Material shown START

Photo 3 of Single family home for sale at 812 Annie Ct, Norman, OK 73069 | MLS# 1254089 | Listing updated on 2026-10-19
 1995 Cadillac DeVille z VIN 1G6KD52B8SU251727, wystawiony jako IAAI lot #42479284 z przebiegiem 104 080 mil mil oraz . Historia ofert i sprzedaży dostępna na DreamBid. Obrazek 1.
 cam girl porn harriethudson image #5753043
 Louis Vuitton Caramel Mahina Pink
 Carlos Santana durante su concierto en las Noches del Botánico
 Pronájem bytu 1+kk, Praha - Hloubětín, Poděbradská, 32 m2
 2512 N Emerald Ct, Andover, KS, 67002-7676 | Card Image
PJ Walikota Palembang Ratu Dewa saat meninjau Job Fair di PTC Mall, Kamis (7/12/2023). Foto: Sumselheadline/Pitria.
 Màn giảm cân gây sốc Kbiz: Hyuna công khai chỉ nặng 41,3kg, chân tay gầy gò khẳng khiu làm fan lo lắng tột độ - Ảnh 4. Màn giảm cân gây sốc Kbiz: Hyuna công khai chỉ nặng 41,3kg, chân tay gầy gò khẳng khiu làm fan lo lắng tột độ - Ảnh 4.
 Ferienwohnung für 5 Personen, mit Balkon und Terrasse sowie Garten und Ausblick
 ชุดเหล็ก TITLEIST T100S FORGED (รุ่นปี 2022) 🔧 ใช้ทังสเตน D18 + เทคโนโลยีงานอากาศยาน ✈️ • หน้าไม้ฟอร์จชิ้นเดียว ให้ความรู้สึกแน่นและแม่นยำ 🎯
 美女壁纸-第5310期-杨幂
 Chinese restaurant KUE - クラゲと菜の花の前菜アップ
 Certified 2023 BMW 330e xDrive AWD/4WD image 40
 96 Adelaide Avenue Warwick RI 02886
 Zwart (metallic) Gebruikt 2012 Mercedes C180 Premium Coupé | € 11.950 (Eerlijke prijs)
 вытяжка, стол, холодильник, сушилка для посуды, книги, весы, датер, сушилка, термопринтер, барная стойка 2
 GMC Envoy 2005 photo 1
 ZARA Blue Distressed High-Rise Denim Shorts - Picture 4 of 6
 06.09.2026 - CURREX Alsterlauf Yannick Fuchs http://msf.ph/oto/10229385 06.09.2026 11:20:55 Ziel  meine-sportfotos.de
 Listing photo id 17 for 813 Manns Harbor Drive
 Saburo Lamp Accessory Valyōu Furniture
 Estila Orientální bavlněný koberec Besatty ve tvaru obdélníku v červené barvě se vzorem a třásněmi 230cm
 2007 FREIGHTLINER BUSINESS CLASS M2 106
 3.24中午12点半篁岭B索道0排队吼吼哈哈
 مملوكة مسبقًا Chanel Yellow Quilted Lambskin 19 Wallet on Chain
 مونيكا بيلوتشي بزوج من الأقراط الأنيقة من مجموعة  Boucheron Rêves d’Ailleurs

Material shown END

What needs to be done
All lines of the data above must be returned exactly.

Solution to this problem
Photo 3 of Single family home for sale at 812 Annie Ct, Norman, OK 73069 | MLS# 1254089 | Listing updated on 2026-10-19
 1995 Cadillac DeVille z VIN 1G6KD52B8SU251727, wystawiony jako IAAI lot #42479284 z przebiegiem 104 080 mil mil oraz . Historia ofert i sprzedaży dostępna na DreamBid. Obrazek 1.
 cam girl porn harriethudson image #5753043
 Louis Vuitton Caramel Mahina Pink
 Carlos Santana durante su concierto en las Noches del Botánico
 Pronájem bytu 1+kk, Praha - Hloubětín, Poděbradská, 32 m2
 2512 N Emerald Ct, Andover, KS, 67002-7676 | Card Image
PJ Walikota Palembang Ratu Dewa saat meninjau Job Fair di PTC Mall, Kamis (7/12/2023). Foto: Sumselheadline/Pitria.
 Màn giảm cân gây sốc Kbiz: Hyuna công khai chỉ nặng 41,3kg, chân tay gầy gò khẳng khiu làm fan lo lắng tột độ - Ảnh 4. Màn giảm cân gây sốc Kbiz: Hyuna công khai chỉ nặng 41,3kg, chân tay gầy gò khẳng khiu làm fan lo lắng tột độ - Ảnh 4.
 Ferienwohnung für 5 Personen, mit Balkon und Terrasse sowie Garten und Ausblick
 ชุดเหล็ก TITLEIST T100S FORGED (รุ่นปี 2022) 🔧 ใช้ทังสเตน D18 + เทคโนโลยีงานอากาศยาน ✈️ • หน้าไม้ฟอร์จชิ้นเดียว ให้ความรู้สึกแน่นและแม่นยำ 🎯
 美女壁纸-第5310期-杨幂
 Chinese restaurant KUE - クラゲと菜の花の前菜アップ
 Certified 2023 BMW 330e xDrive AWD/4WD image 40
 96 Adelaide Avenue Warwick RI 02886
 Zwart (metallic) Gebruikt 2012 Mercedes C180 Premium Coupé | € 11.950 (Eerlijke prijs)
 вытяжка, стол, холодильник, сушилка для посуды, книги, весы, датер, сушилка, термопринтер, барная стойка 2
 GMC Envoy 2005 photo 1
 ZARA Blue Distressed High-Rise Denim Shorts - Picture 4 of 6
 06.09.2026 - CURREX Alsterlauf Yannick Fuchs http://msf.ph/oto/10229385 06.09.2026 11:20:55 Ziel  meine-sportfotos.de
 Listing photo id 17 for 813 Manns Harbor Drive
 Saburo Lamp Accessory Valyōu Furniture
 Estila Orientální bavlněný koberec Besatty ve tvaru obdélníku v červené barvě se vzorem a třásněmi 230cm
 2007 FREIGHTLINER BUSINESS CLASS M2 106
 3.24中午12点半篁岭B索道0排队吼吼哈哈
 مملوكة مسبقًا Chanel Yellow Quilted Lambskin 19 Wallet on Chain
 مونيكا بيلوتشي بزوج من الأقراط الأنيقة من مجموعة  Boucheron Rêves d’Ailleurs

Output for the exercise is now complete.